The staff panel, all of whom are under 30 and have over the course of their employment felt increasingly fatigued, stressed, and resentful, reportedly answered a variety of questions about their backgrounds and their experiences within the industry from the visibly excited group of interns.

“I really enjoyed getting the chance to just sit down with everyone and learn more about how they got to where they are now,” said 21-year-old sales intern Diane Stevens, evidently unaware that the entire employee panel have at some point totally resigned themselves to being taken advantage of and feeling absolutely helpless to fight against the company’s corporate hierarchy. “It was really invaluable, and has definitely been one of the highlights of my entire internship so far.”

“I know they’re all busy, but I really appreciated them taking time out of their day to talk to us and offer their advice,” continued Stevens, reportedly unaware that every single person on the panel is essentially as confused and bewildered about the working world and their place in it as she is. “I’m definitely going to put everything they told us into practice right away.”

According to sources, the meeting began as the collection of dead-eyed staff members—who reportedly had to shorten their 30-minute lunch break in order to take part in the Q&A session—gathered in the company’s main conference room with the group of enthusiastic, eager interns. Reports confirmed the panel of overworked, underpaid, and entirely disillusioned employees then went around the room and introduced themselves, explaining their specific roles within the company and how they came to be hired.

Furthermore, sources said the mere sight of the two groups sitting across from one another while a small box of Dunkin Donuts lay on the conference table between them was completely and utterly heartbreaking.

“The Q&A session is an opportunity for the interns to meet people in various departments they might not otherwise interact with,” said 32-year-old human resources director Melissa Gammons, who organized the luncheon and who herself is reportedly looking for other jobs every night after getting home from work. “These folks are on staff for a reason, and they have the best insight into how the company operates and how to make the most of an internship here.”

“We make sure to do one of these Q&A sessions for every intern class,” added Gammons, who has also actively dissuaded all of her friends from applying to any openings at Kapper, and indeed complains to them about the company on a near-constant basis. “They really get a lot out of it, and it’s a nice little bonus for them.”

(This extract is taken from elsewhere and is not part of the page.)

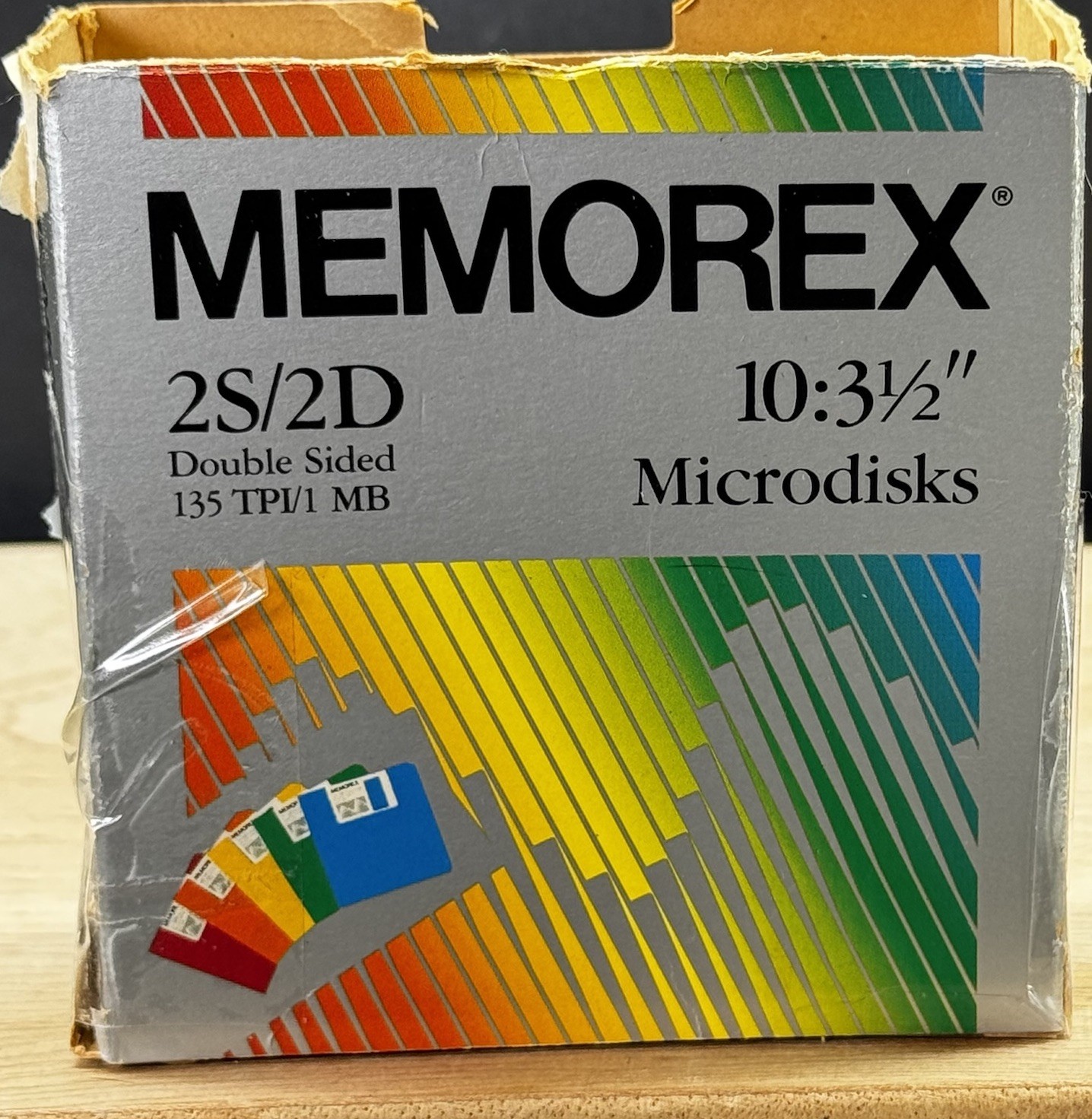 5 Memorex 3.5" 2S/2D Double Sided Micro Disks 135 TPI/1 Original Box Vtg 1992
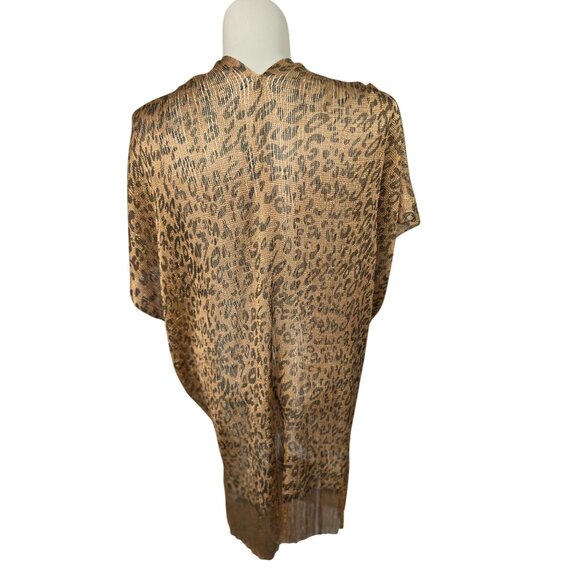 Kendall James Gold Metallic Leopard Fringe Shawl Womens OS Evening CoverUp NWT - Picture 4 of 10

Throughout the course of the 30-minute meeting, reports indicated that the panel appeared to only become more dejected and demoralized as they were asked about how to stand out as an intern and the best ways to seek out more responsibilities over the course of an internship.

Furthermore, each of the interns reportedly failed to pick up on several sly barbs at Kapper’s upper management after a question about how to network within the company without coming on too strong, and at one point sources said several staff members audibly chuckled when the panel was asked if they would have done anything differently in their careers.

“I was really excited to find out that Dennis used to be an intern here,” said 20-year-old marketing intern Jack Kimball, referring to the company’s 27-year-old social media coordinator who works roughly 80 hours per week, earns less than $40,000 per year, and frequently questions his decision to accept a job offer at the end of his internship. “I was especially interested to hear what he had to say about his experience as an intern and how he worked his way up the ladder.”

Added Kimball, “It just goes to show that if we work hard and show we’re valuable to the company, we might be lucky enough to get hired full-time too.”